George Soros launched an attack on China's president Xi Jinping, singling out advancements in artificial intelligence in the hands of repressive regimes as a "mortal threat" to societies around the world.
In a provocative speech at the World Economic Forum in Davos, the billionaire philanthropist and proponent of open societies said China was not the only authoritarian regime in the world but it was the wealthiest, strongest and technologically most advanced.
“This makes Xi Jinping the most dangerous opponent of open societies,” he said.
Mr Soros drew attention to China’s social credit system, which consolidates individuals’ personal data in a central repository and is designed to judge a person’s trustworthiness. When it becomes operational, Mr Soros said, the database would “give Xi total control over the people.”
The 88-year-old, whose fortune was made through big bets in the hedge fund industry including most famously against sterling in the early 1990s, has often used his Davos appearances to warn of dangers to the rules-based democratic world order.
Last year, he took aim at tech platforms, which prompted social media group Facebook to question whether he was betting against its stock. On Thursday evening, he said his aim was to call attention to the Chinese threat.

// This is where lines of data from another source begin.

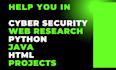 cyber security web research python java html  projects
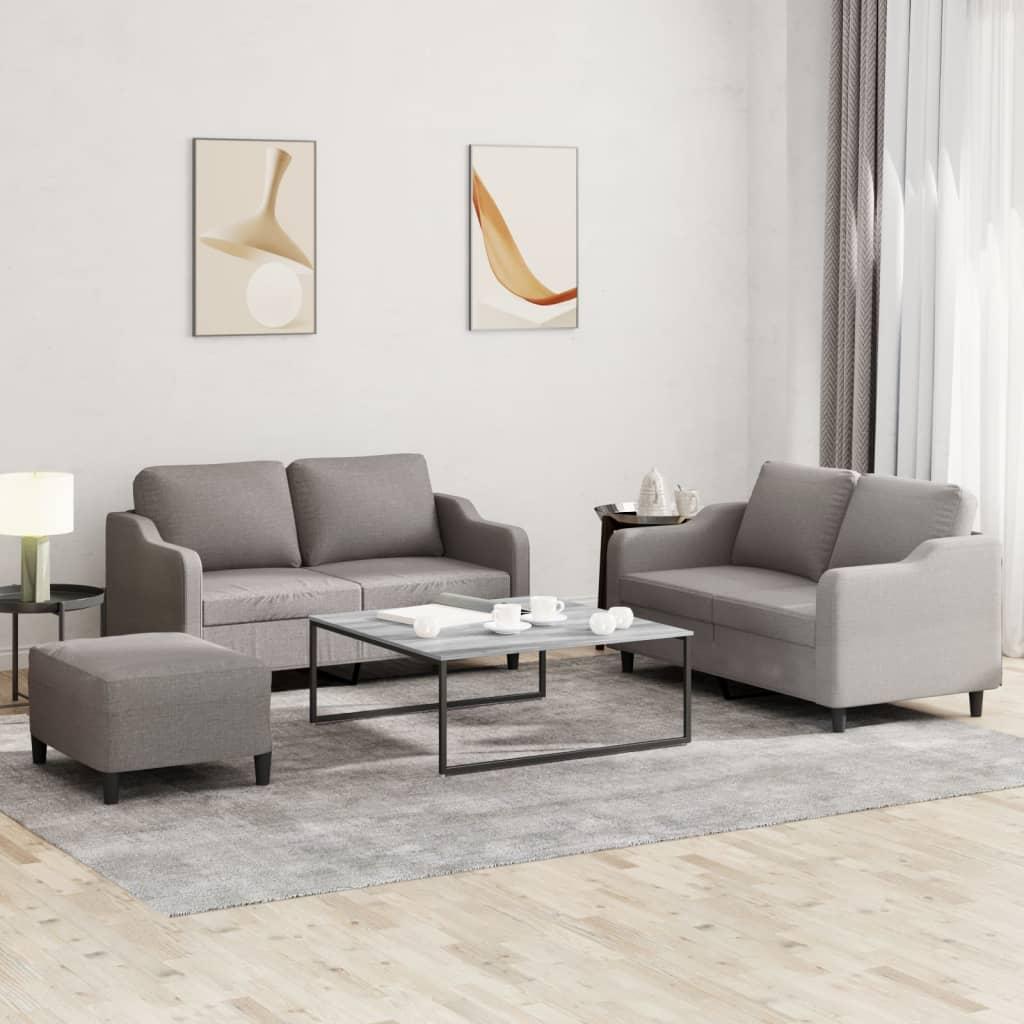 Sofasæt 3 dele med hynder stof gråbrun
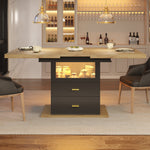Extendable Dining Table with LED Lighting and Seating for 6 People, Wood Finish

An outspoken critic of US president Donald Trump and a bogeyman for populist leaders around the world, Mr Soros said the Trump administration had developed "a coherent policy" towards China.
Mr Trump was notoriously unpredictable, he declared, but the US government had rightly identified China as a strategic rival.
He called for an American response to China’s Belt and Road Initiative, which he said was designed to promote the interests of Beijing rather than those of recipient countries. He singled out China’s actions in Sri Lanka, Malaysia and Pakistan.
“[China’s] ambitious infrastructure projects were mainly financed by expensive loans, not by grants, and foreign officials were often bribed to accept them,” he claimed. “Many of these projects proved to be uneconomic.”
He appealed to the US administration to take more effective steps to address the Chinese threat, including cracking down on telecom equipment providers ZTE and Huawei, which he said could present an unacceptable security risk for the rest of the world.
“China is an important global actor. An effective policy towards China can’t be reduced to a slogan. It needs to be far more sophisticated, detailed and practical; and it must include an American economic response to the Belt and Road Initiative,” he said.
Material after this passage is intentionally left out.